##### DATA SHOWN

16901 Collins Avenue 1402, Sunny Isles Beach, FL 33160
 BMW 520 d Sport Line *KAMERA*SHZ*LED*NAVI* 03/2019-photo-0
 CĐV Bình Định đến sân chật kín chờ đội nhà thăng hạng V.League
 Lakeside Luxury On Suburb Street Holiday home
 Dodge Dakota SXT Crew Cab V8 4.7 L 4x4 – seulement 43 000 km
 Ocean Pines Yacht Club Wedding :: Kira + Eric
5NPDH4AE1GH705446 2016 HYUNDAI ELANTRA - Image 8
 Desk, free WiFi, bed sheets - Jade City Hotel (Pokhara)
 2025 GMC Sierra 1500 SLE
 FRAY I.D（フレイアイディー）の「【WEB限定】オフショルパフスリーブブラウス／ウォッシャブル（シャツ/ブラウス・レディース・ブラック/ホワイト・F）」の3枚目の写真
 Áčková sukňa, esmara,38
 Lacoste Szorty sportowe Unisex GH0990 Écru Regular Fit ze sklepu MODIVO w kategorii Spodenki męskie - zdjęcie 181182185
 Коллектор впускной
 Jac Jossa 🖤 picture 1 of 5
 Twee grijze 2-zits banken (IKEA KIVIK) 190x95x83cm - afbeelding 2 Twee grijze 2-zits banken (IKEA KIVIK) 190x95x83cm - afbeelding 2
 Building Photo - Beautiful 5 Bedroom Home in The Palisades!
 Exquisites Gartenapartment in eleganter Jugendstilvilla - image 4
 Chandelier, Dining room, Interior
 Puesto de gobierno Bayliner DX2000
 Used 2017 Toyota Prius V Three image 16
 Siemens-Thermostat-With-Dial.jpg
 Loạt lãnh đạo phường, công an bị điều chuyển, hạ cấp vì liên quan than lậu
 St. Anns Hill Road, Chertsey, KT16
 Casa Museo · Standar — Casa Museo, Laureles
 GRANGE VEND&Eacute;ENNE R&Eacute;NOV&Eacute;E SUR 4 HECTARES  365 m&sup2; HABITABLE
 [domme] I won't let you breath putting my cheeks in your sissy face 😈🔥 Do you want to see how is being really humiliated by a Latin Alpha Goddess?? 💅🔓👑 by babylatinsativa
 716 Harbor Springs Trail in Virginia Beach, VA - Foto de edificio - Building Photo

##########

WHAT IS EXPECTED:
The word "Beach" appears on some lines of the data above; count those lines and return only the number.

ANSWER AREA:
2